The source code for each version of YOLO, as well as pre-trained models, is available for download.

The official repository DarkNet GitHub, which contains the source code for the YOLO version mentioned in the paper, is written in C. The repository also provides a step-by-step tutorial that teaches you how to use code for object detection.

Implementing the model from scratch can be challenging, especially for novices, because many custom model elements need to be developed for training and prediction. For example, even working directly with a pre-trained model requires complex code to extract and interpret the predictive bounding boxes of the model’s output.

Instead of writing code from scratch, we can use code implemented by third parties.
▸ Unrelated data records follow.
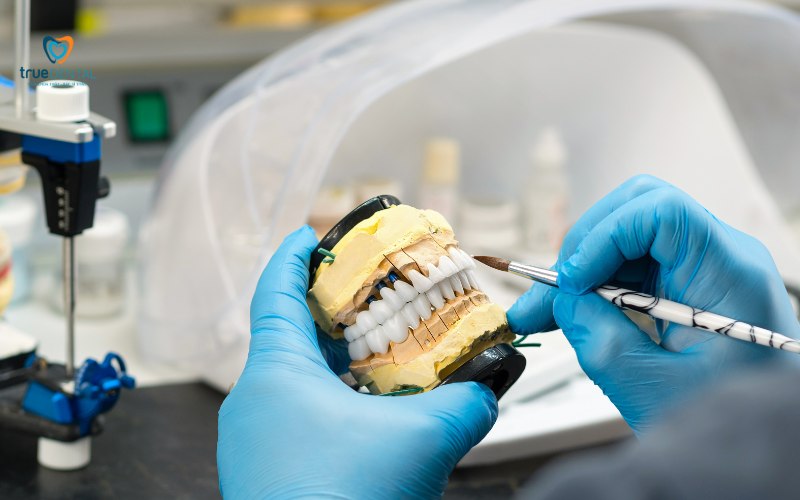 So sánh răng sứ cercon và katana: Loại nào tốt hơn? 4 Bảng giá tham khảo chi tiết dịch vụ răng sứ cercon và katana tại True Dental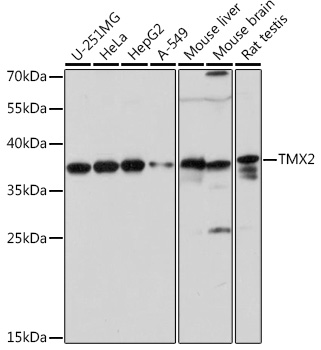 Anti-TMX2 Antibody (CAB17148)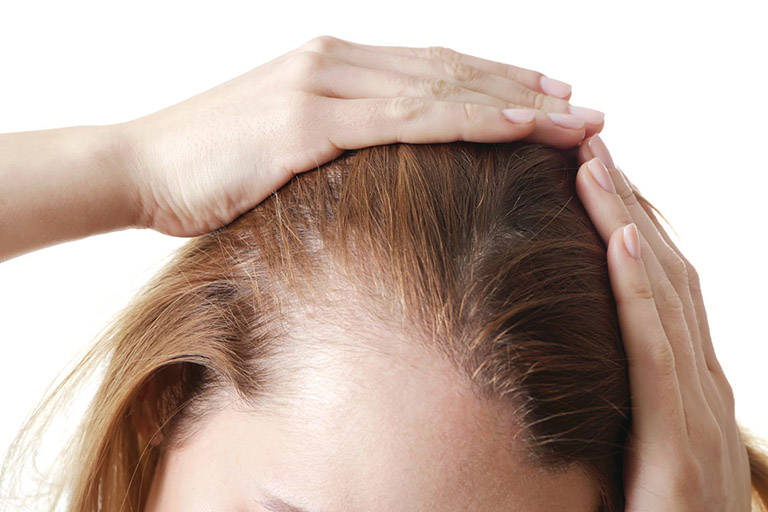 5 cách trị gàu và rụng tóc cực hiệu quả tại nhà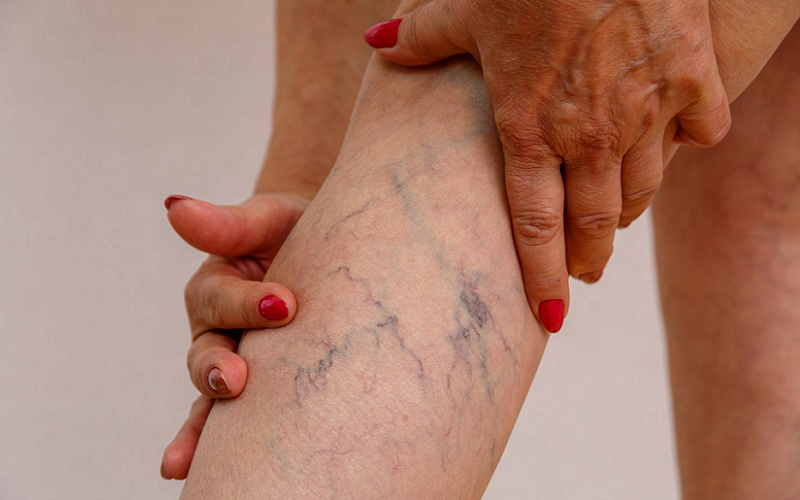 varicose veins brain health correlation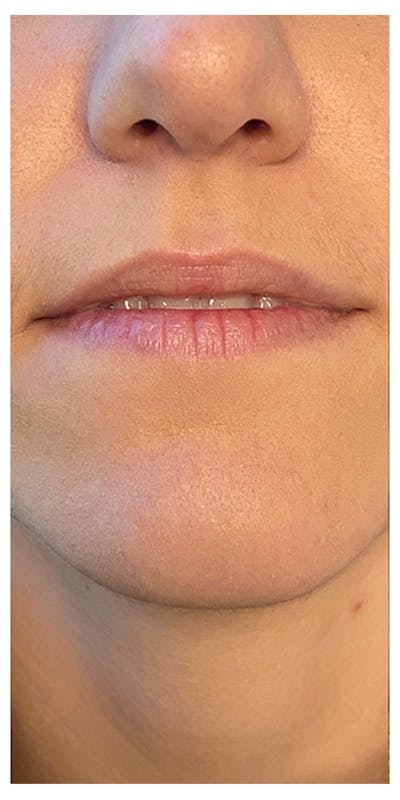 Lip Enhancement Before & After Gallery - Patient 133024244 - Image 1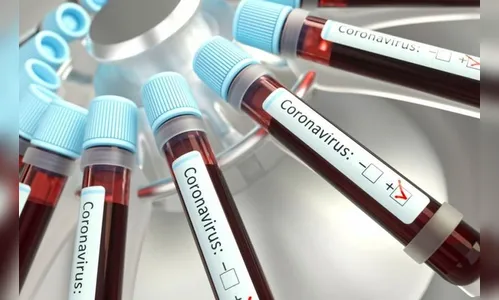 Saúde registra 17 novos casos de Covid em Ivaiporã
There are many third-party implementations designed to use YOLO in Keras, but none are standardized and designed to be used by libraries.

The YAD2K project is a de facto YOLOv2 standard that provides scripts to convert pre-trained weights into Keras format, make predictions using pre-trained models, and provide the code required to extract explanatory prediction bounding boxes. Many other third-party developers have used this code as a starting point and updated it to support YOLOv3.

Probably the most widely used project using the pre-trained YOLO model is “Keras-Yolo3: Training and Detecting Objects with Yolo3”, developed by Huynh Ngoc Anh, also known as Experiencor. The code in this project is available under an MIT open Source license. Like YAD2K, the project provides scripts that can be used to load and use pre-trained YOLO models, as well as develop YoloV3-based transfer learning models on new data sets.

Experiencor also has a Keras-Yolo2 project, which has code similar to YOLOv2, as well as detailed tutorials on how to use the repository code. Keras-yolo3 appears to be an updated version of this project.

Interestingly, Experiencor has run experiments based on this model, training versions of YOOLOv3 on standard object detection problems such as kangaroo datasets, racoon datasets, red blood cell tests, and so on. He lists the results of the model, gives weights for downloading, and even publishes a YouTube video showing the results. Such as:

• Raccoon Detection using YOLO 3

This tutorial is based on Experiencor’s Keras-Yolo3 project, using YOLOv3 for object detection.

Here are the code branches at the time this article was written, in case the repository changes or is deleted (which can happen in third-party open source projects).

Object detection with YOLOv3

The Keras-Yolo3 project provides many models using YOLOv3, including object detection, transfer learning, and training models from scratch.

In this section, the pre-training model is used for object detection of unseen images. You can do this with a Python file of the repository called yolo3_one_file_to_DETECt_them_all.py, which has 435 lines. In fact, the script prepares the model with pre-training weights, then uses the model for object detection, and finally outputs a model. In addition, the script relies on OpenCV.

Instead of using the program directly, we build our own script with elements from the program, preparing and saving the Keras YOLOv3 model, then loading and predicting the new image.

Create and save the model

The first step is to download the pre-trained model weights.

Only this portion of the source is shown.